Abstract
It is estimated that 10–15% of oral anticoagulant (OAC) patients, would need to hold their OAC for scheduled surgery. Especially for warfarin, this process is complex and requires multi-layer risk assessment and decisions across different specialties. Clinical guidelines deliver broad recommendations in the area of warfarin management before surgery which can lead to different trends and practices among practitioners. To evaluate the current attitude, awareness, and practice among health care providers (HCPs) on warfarin periprocedural management. A multiple-choice questionnaire was developed, containing questions on demographics and professional information and was completed by187 HCPs involved in warfarin periprocedural management. The awareness median (IQR) score was moderate [64.28% (21.43)]. The level of awareness was associated with the practitioner’s specialty and degree of education (P = 0.009, 0.011 respectively). Practice leans to overestimate the need for warfarin discontinuation as well as the need for bridging. Participants expressed interest in using genetic tests to guide periprocedural warfarin management [median (IQR) score (out of 10) = 7 (5)]. In conclusion, the survey presented a wide variation in the clinical practice of warfarin periprocedural management. This study highlights that HCPs in Qatar have moderate awareness. We suggest tailoring an educational campaign or courses towards the identified gaps.
Highlights
Oral anticoagulants (OAC) have been used for years in the treatment and prevention of thromboembolism [1, 2]

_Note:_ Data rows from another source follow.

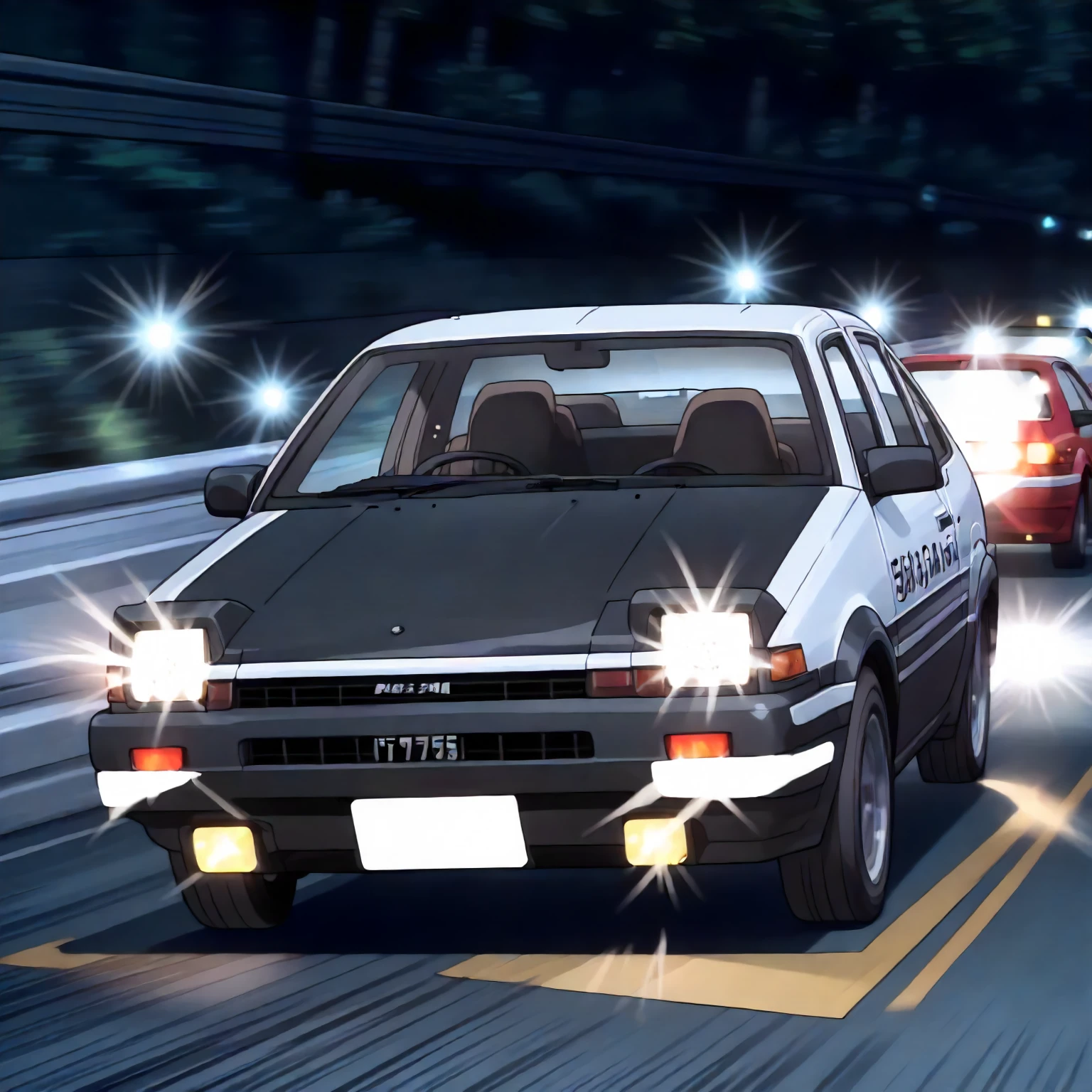 <lora:ID_TakumiFujiwaraXLpony004>,
outdoors,
solo,
TakumiFujiwara,1boy,short hair,brown hair,black eyes,
t-shirt,
AE86,car,driving,drift,lights,glowing,corner,motion_blur,motion line,speed_lines,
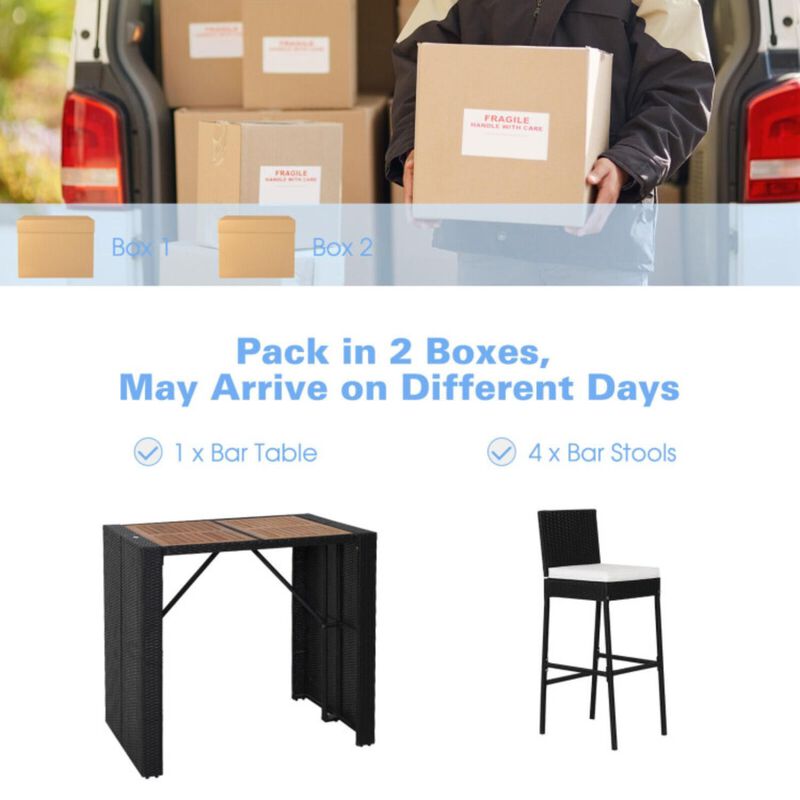 Hivvago 5 Pieces Patio Acacia Wood Dining Set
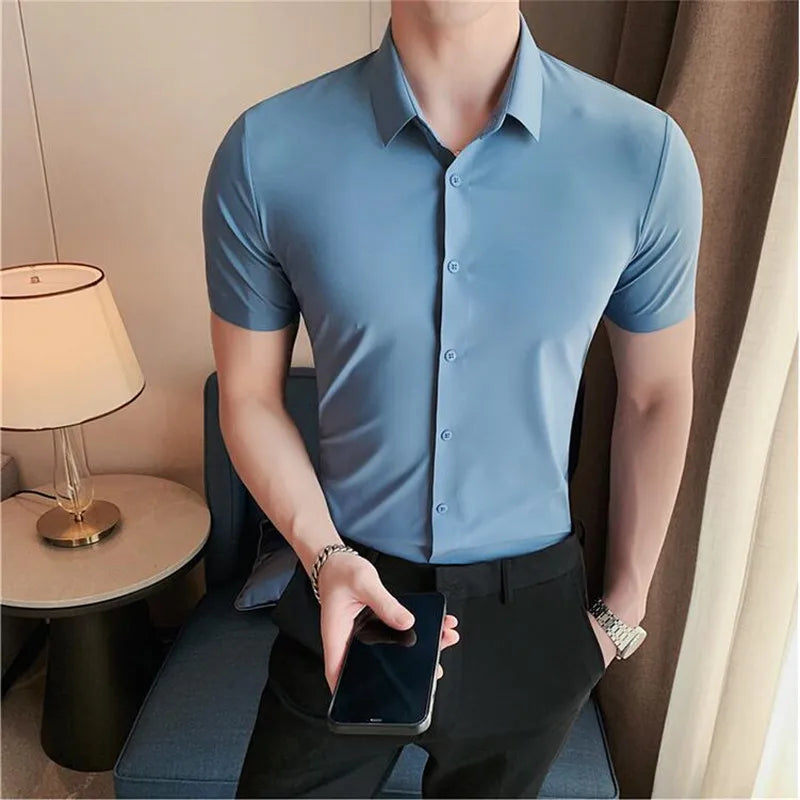 Slim-Fit Seamless Short Sleeve Shirts for Men - High Elasticity Casual Wear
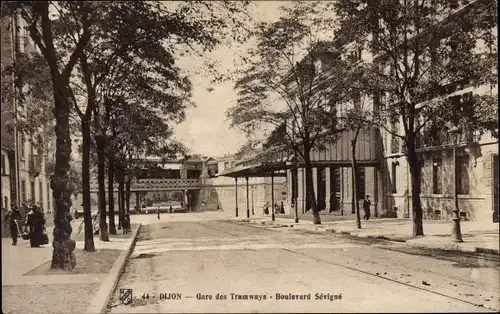 Ak Dijon Côte d'Or, Gare des Tramways, Boulevard Sevigne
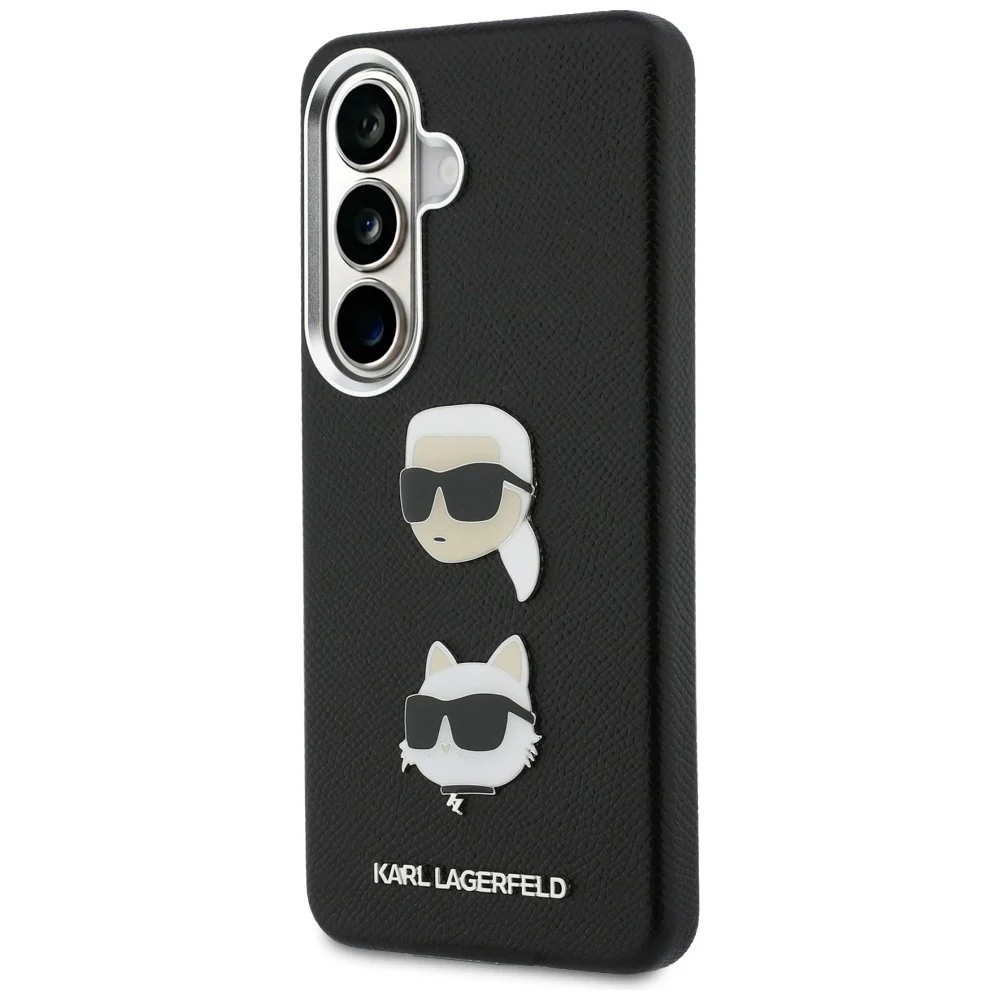 Case for Samsung Galaxy S26 Plus S947, Karl Lagerfeld, Saffiano Karl & Choupette's Head Pin, Black - Image 4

In a recent study in Qatar, a similar level of awareness was achieved among health care providers (HCPs) on direct oral anticoagulants (DOACs) [13]

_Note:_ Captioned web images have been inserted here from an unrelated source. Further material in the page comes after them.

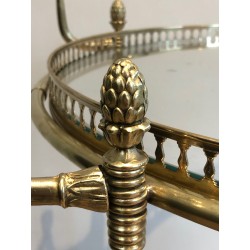 Neoclassical Round Brass Drinks Trolley with Removable Trays, Maison Baguès, Circa 1940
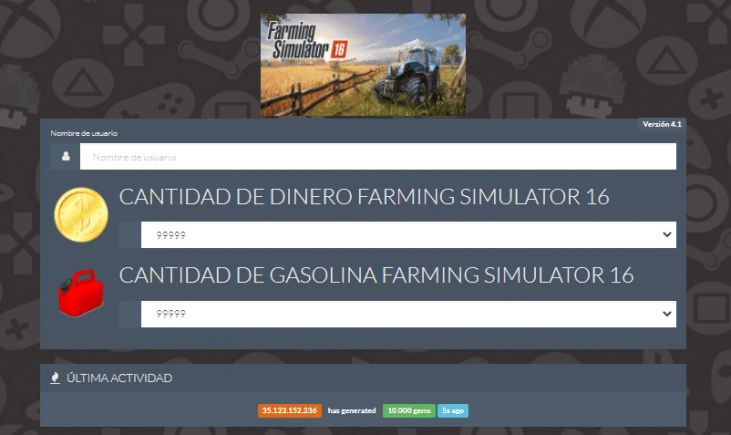 Generador de dinero Farming Simulator 
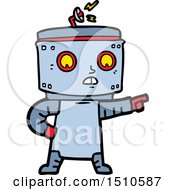 Poster, Art Print Of Cartoon Robot Pointing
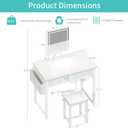 Lufeiya Small Makeup Vanity Desk with Fabric Drawers, 32 inch White Vanity Desks with Mirror and Light, Dressing Table and Chair Set with Power Outlet for Girls Bedroom, White, 31.5"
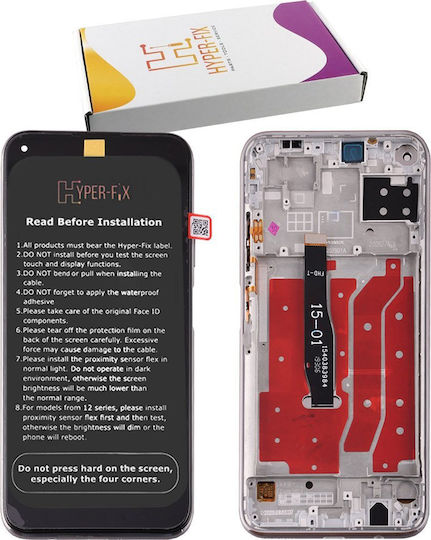 Hyper Fix O ecran cu Mecanism Tactil și Cadru pentru Huawei P40 Lite (Negru)
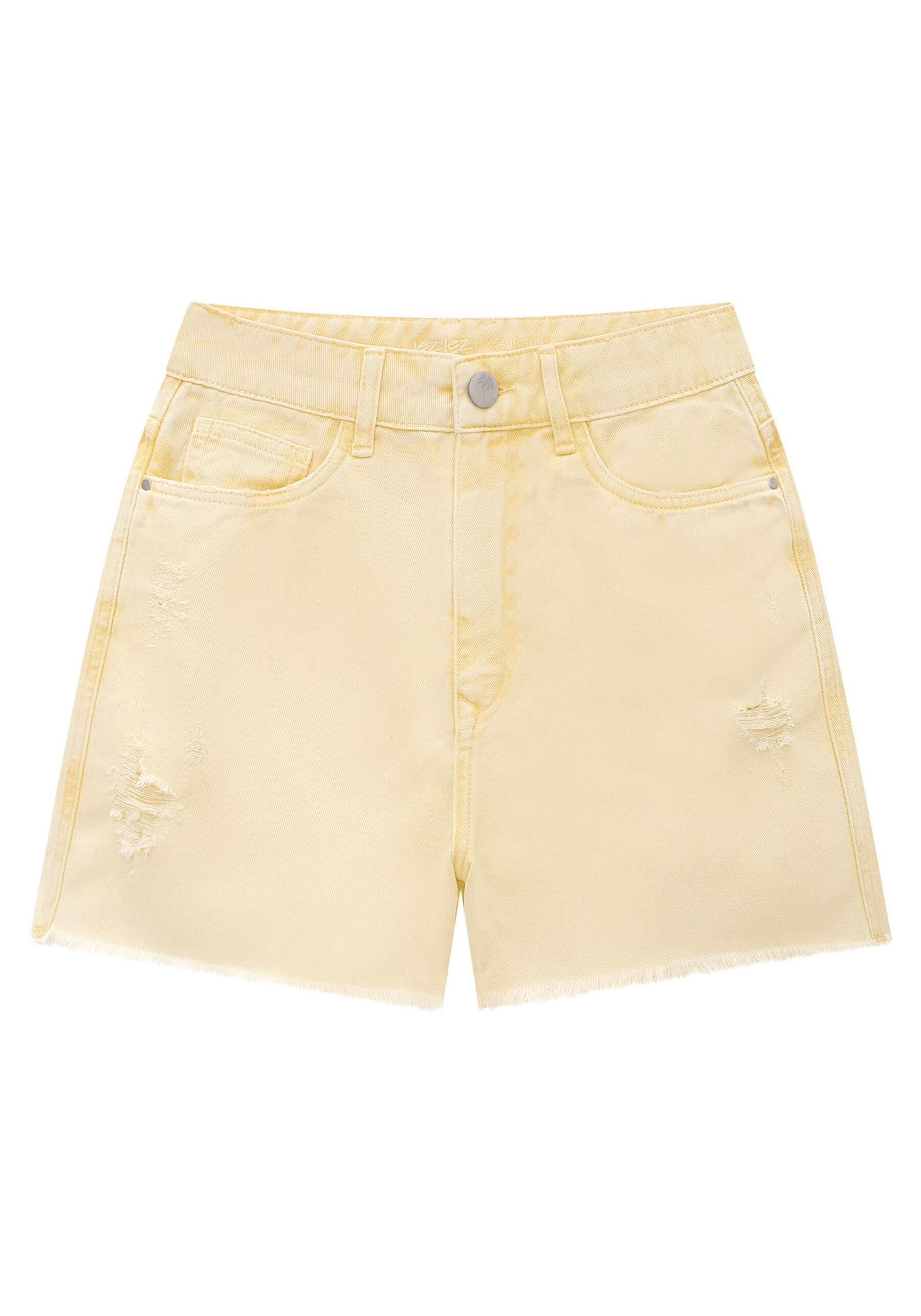 Shorts Sarja Califórnia Estonado Cintura Super Alta, . Shorts Sarja Califórnia Estonado Cintura Super Alta, , large.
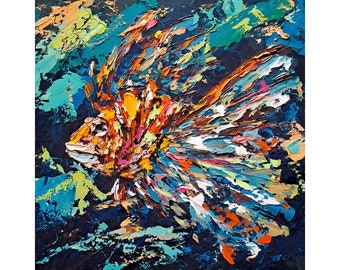 Lionfish Painting Sea Animals Original Art Fish Impasto Oil Artwork Underwater Wall Art Decor 10" by 10" by ArtSenya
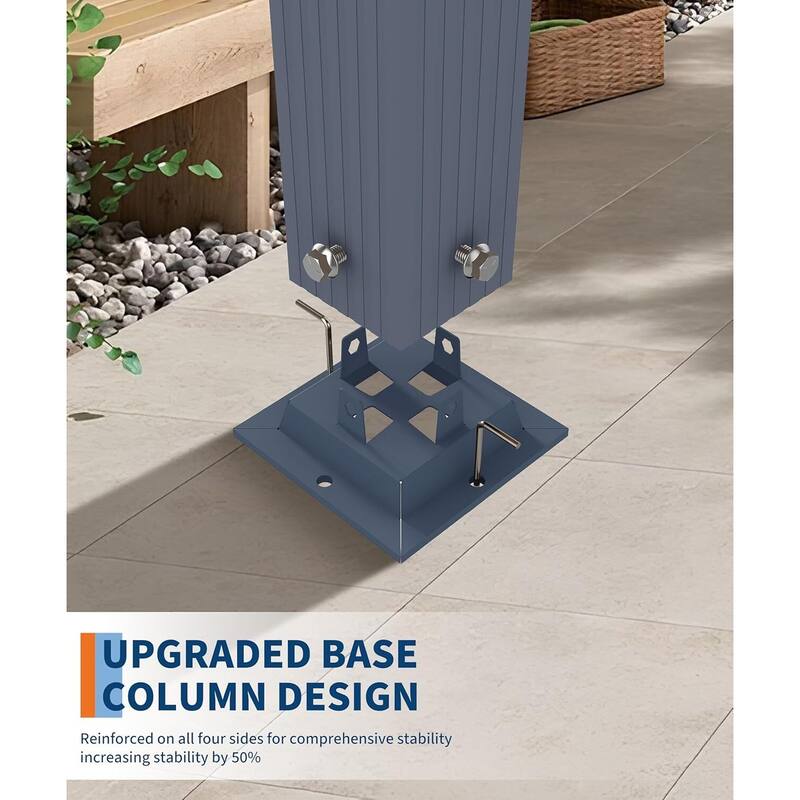 10x20 Ft Outdoor Aluminum Heavy-Duty Patio Pergola for Existing Deck Backyard Garden Porch - 12X20 Ft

This is surprising given the fact that a clear recommendation in the 2017 American College of Cardiology (ACC) guideline states that, warfarin should be held 5–7 days before an elective procedure [9]
Summary
Oral anticoagulants (OAC) have been used for years in the treatment and prevention of thromboembolism [1, 2]. The Outcomes Registry for Better Informed Treatment of Atrial Fibrillation (ORBIT-AF) trial showed that the composite outcome of systemic embolism or stroke, myocardial infarction, bleeding or hospitalization was elevated in the bridging arm significantly [8]. Both studies augment the uncertainty of the need for bridging. Most of the guidelines stratify the risk of thromboembolism and procedural bleeding risk into high and low, to facilitate the interruption decision [6] These classifications have some drawbacks, such as procedures with a low rate of bleeding, but with severe consequences. There is a disagreement regarding the classification of some procedures such as hip/ knee replacement and prostate biopsy [9]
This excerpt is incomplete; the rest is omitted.